Does circumgalactic OVI trace low-pressure gas beyond the accretion shock? Clues from HI and low-ion absorption, line kinematics, and dust extinction

TL;DR

This study investigates whether OVI absorption around galaxies traces low-pressure, cool gas beyond the accretion shock, using multiple observables to distinguish between high-pressure and low-pressure gas scenarios.

Contribution

The paper provides evidence that OVI traces low-pressure, equilibrium gas beyond the accretion shock, challenging the high-pressure cooling gas model.

Findings

OVI correlates with impact parameter indicating outer halo origin.

Low-pressure scenario explains observations with a single phase in equilibrium.
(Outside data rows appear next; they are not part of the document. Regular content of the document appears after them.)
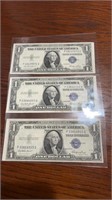 1 Dollar Silver Certificates

P18437671I,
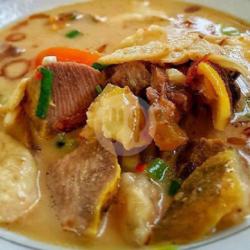 Soto Campur Kuah Santan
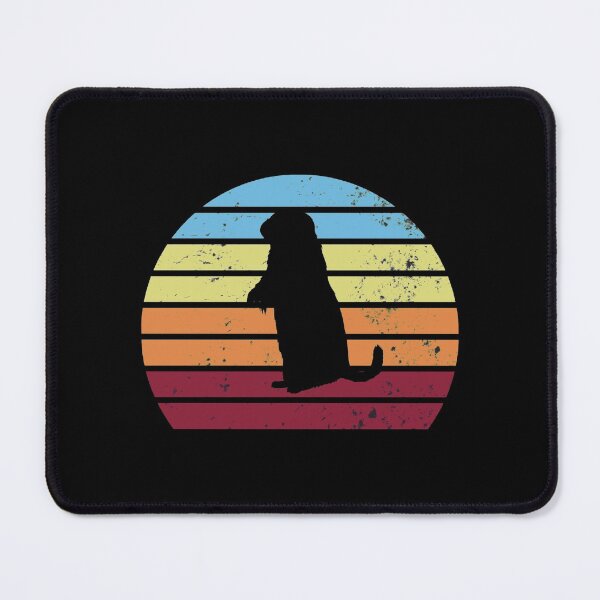 Item preview, Prairie Dog Retro Vintage designed and sold by Denti Kanys ⭐⭐⭐⭐⭐.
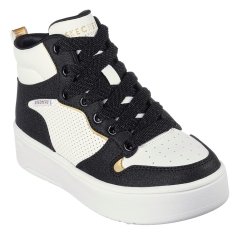 Skechers Court High High-Top Trainers Girls White/Black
Predicted bimodality in absorption ratios at ~100 kpc due to pressure jump.

Abstract

Large OVI columns are observed around star-forming, low-redshift ~L* galaxies, with a dependence on impact parameter indicating that most O^5+ particles reside beyond half the halo virial radius (>~100 kpc). In order to constrain the nature of the gas traced by OVI, we analyze additional observables of the outer halo, namely HI to OVI column ratios of 1-10, an absence of low-ion absorption, a mean differential extinction of E(B-V)~10^-3, and a linear relation between OVI column and velocity width. We contrast these observations with two physical scenarios: (1) OVI traces high-pressure (~30 cm^-3 K) collisionally-ionized gas cooling from a virially-shocked phase, and (2) OVI traces low-pressure (<~1 cm^-3 K) gas beyond the accretion shock, where the gas is in ionization and thermal equilibrium with the UV background. We demonstrate that the high-pressure scenario requires multiple gas phases to explain the observations, and a large deposition of energy at >~100 kpc to offset the energy radiated by the cooling gas. In contrast, the low-pressure scenario can explain all considered observations with a single gas phase in thermal equilibrium, provided that the baryon overdensity is comparable to the dark-matter overdensity, and that the gas is enriched to >~Z_sun/3 with an ISM-like dust-to-metal ratio. The low-pressure scenario implies that OVI traces a cool flow with mass flow rate of ~5 M_sun yr^-1, comparable to the star formation rate of the central galaxies. The OVI line widths are consistent with the velocity shear expected within this flow. The low-pressure scenario predicts a bimodality in absorption line ratios at ~100 kpc, due to the pressure jump across the accretion shock.